20) No dia 15 de Março de 2002, o Director-Geral da ré instaurou ao autor processo disciplinar, o que foi comunicado ao A., em 22 de Março de 2002, juntamente com a respectiva nota de culpa, tendo o autor sido suspenso preventivamente até conclusão do processo disciplinar;
21) O A. respondeu à Nota de Culpa e requereu a inquirição de cinco testemunhas, fez juntar 18 documentos, requereu igualmente a junção de 3 grupos de documentos;
22) Em 23 de Abril de 2002, o instrutor do processo disciplinar solicitou ao Mandatário do A. o agendamento das inquirições das testemunhas e bem assim os factos a que pretendia que fossem inquiridas por escrito as testemunhas J… S… e S… C…, em virtude da indisponibilidade das mesmas em se deslocaram a Portugal para o efeito;
23) No dia 16 de Maio de 2002, foram inquiridas as testemunhas L… S…, P… C… e J… B…, tendo os mesmos prestado os seus depoimentos nos termos constantes dos respectivos autos, na presença do instrutor e do mandatário do A.;
24) Os documentos cuja junção foi requerida pelo A. foram juntos ao processo disciplinar em 20 de Maio de 2002;
25) Em 25 de Maio de 2002, o A. requereu a inquirição do Sr. L… G… e do Sr. J… D…;
26) Em 3 de Junho de 2002, o A. apresentou as perguntas que pretendia fossem respondidas pelas testemunhas J… S…, S… C… e L… G…;
27) Após várias tentativas de contacto telefónico com o Mandatário do A., em face da extensão e natureza das questões apresentadas pelo autor para serem objecto do depoimento escrito das supra referidas testemunhas, em 25 de Junho de 2002, o instrutor do processo enviou ao Mandatário do A. comunicação via telefax solicitando contacto sobre o assunto;
28) Na sequência deste fax, a secretária do Mandatário do A. informou que este se encontrava fora do País e que apenas regressaria no dia 4 de Julho de 2002;
29) A testemunha J… D… foi inquirida no dia 28 de Junho de 2002, acerca das mesmas questões sobre as quais, a pedido do Mandatário do A., havia sido inquirido o Sr. J… B…;
30) Na mesma data, o A. requereu a inquirição do Sr. L… P…, não indicando quais os factos sobre os quais deveria recair o respectivo depoimento, requerimento que foi indeferido pelo instrutor por não estarem indicadas as matérias a que devia ser ouvido, não se identificar de forma suficiente a respectiva localização e por se encontrar suficientemente esclarecido;
31) Em 3 de Julho de 2002, foram recebidas as respostas das testemunhas S… C… e L… G… às questões formuladas pelo A., nos termos constantes dos autos;
32) Na sequência deste processo disciplinar, o A. foi despedido, em 8 de Julho de 2002, com invocação de justa causa, facto este que foi levado ao conhecimento do A., no dia 9 de Julho de 2002;
33) No dia 11 de Março de 2002, o A. dirigiu à Ré um fax com o seguinte teor:
«11/03/2002 – Cascais
Gerência
BB, Gestão de Projectos e Obras Lda.
Rua Castilho …/…
Lisboa 1099-009
Fax: …
Exmos. Srs.
Juros Legais / Documentos Requeridos
Em resposta ao *5º ponto do email de Vexas com data 25/02/2002, e na sequência do meu e-mail do dia 27/02/2002 (com data 26/02/2002), e como até a data não recebi os documentos requeridos ou uma resposta satisfatória, informo:
Ainda não recebi os documentos requeridos.
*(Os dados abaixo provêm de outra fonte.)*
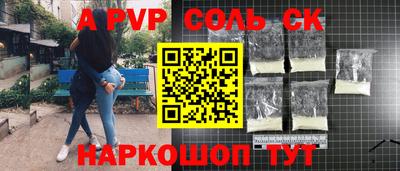 MDMA Premium VHQ Кулебаки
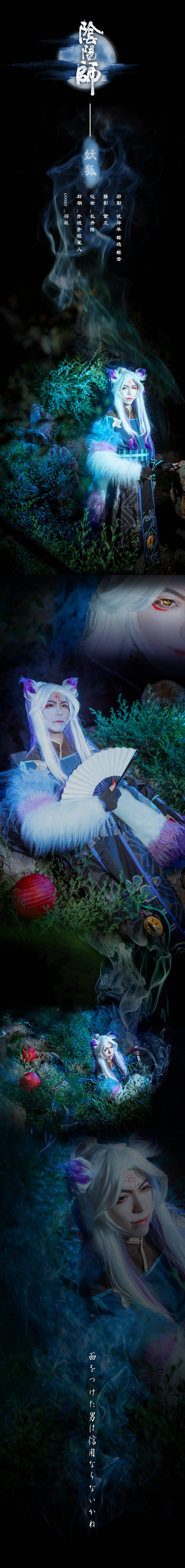 阴阳师妖狐觉醒Cosplay-萌图百科
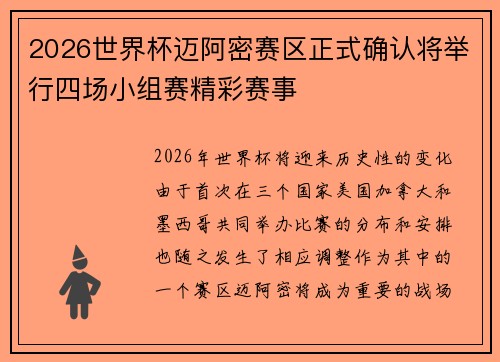 2026世界杯迈阿密赛区正式确认将举行四场小组赛精彩赛事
Em resposta ao *4º ponto do e-mail de Vexas com data 25/02/2002, e na sequência do meu e-mail do dia 27/02/2002, e como não recebi uma resposta satisfatória até a data, informo:
No dia 31/12/2001, em e-mail endereçado aos responsáveis e gerentes da empresa informei:
“Colegas, ainda não é tarde para serem dignos da V/posição de “sénior managers and directors”, e dos valores e princípios corporativos da própria empresa e do grupo, actuando com decência e em conformidade ou decidir deixar a empresa sofrer as consequências de responder em tribunal.
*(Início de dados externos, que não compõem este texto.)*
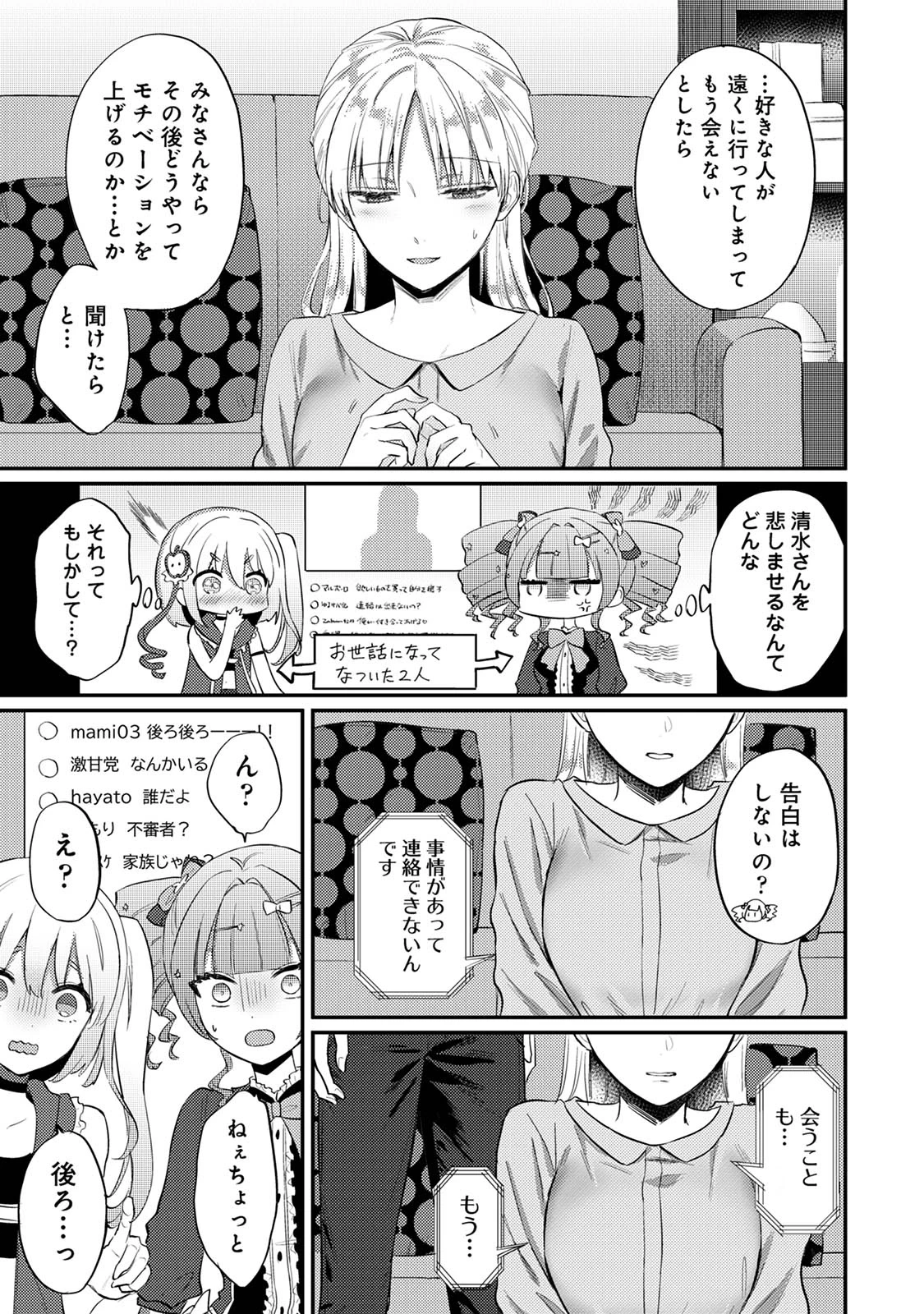 หน้า 214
De uma maneira ou de outra, V/Exas. pagarão todos os montantes de retribuições contratuais mensais vencidas, a mim devidas, com juros legais.
Faço também questão de receber os devidos pedidos de desculpas adequados, por escrito; porque é a única atitude decente e digna que se pode e se deve ter, numa “situação” destas.
A decisão e [sic] Vossa.”
Vexas pagaram, com um atraso de 1 – 9 meses, em 23/01/2002, “todos os montantes de retribuições contratuais mensais vencidas, a mim devidas” (ilegalmente e arbitrariamente retidos).
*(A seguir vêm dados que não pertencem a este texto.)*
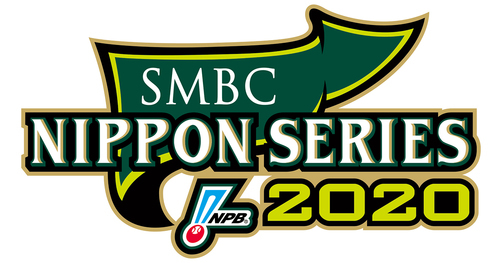 『SMBC日本シリーズ2020』は11月21日（土）に開幕する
Agora só faltam os “juros legais” e “os devidos pedidos de desculpas adequados, por escrito”.
Vexas podem ainda ter dúvidas, mas eu não tenho, e em tempo devido, Vexas vão assumir, outra vez, as Vossas responsabilidades, pelos Vossos “erros e lapsos” e terão a “única atitude decente e digna que se pode e se deve ter, numa “situação” destas.
Sem outro assunto.
(ASSINATURA)
AA
Director de Projectos / Operações
BB Portugal Lda.
AA@eu.bovislendlease.com
AA@lendlease.com
(o meu email continua suspenso)
Avenida Dr. Manuel Ricardo Espírito Santo Silva … / …
2750 Cascais
PS: Sendo estes assuntos sérios, agradeceria entrega des[t]e email a todos os gerentes da empresa»;
34) O Gerente e Director-Geral da ré Sr. L… S… tiveram conhecimento deste fax, no dia 12 de Março de 2002;
35) No projecto da cliente da ré CC, o Director de Obra tem uma posição hierárquica inferior à de Director do Projecto.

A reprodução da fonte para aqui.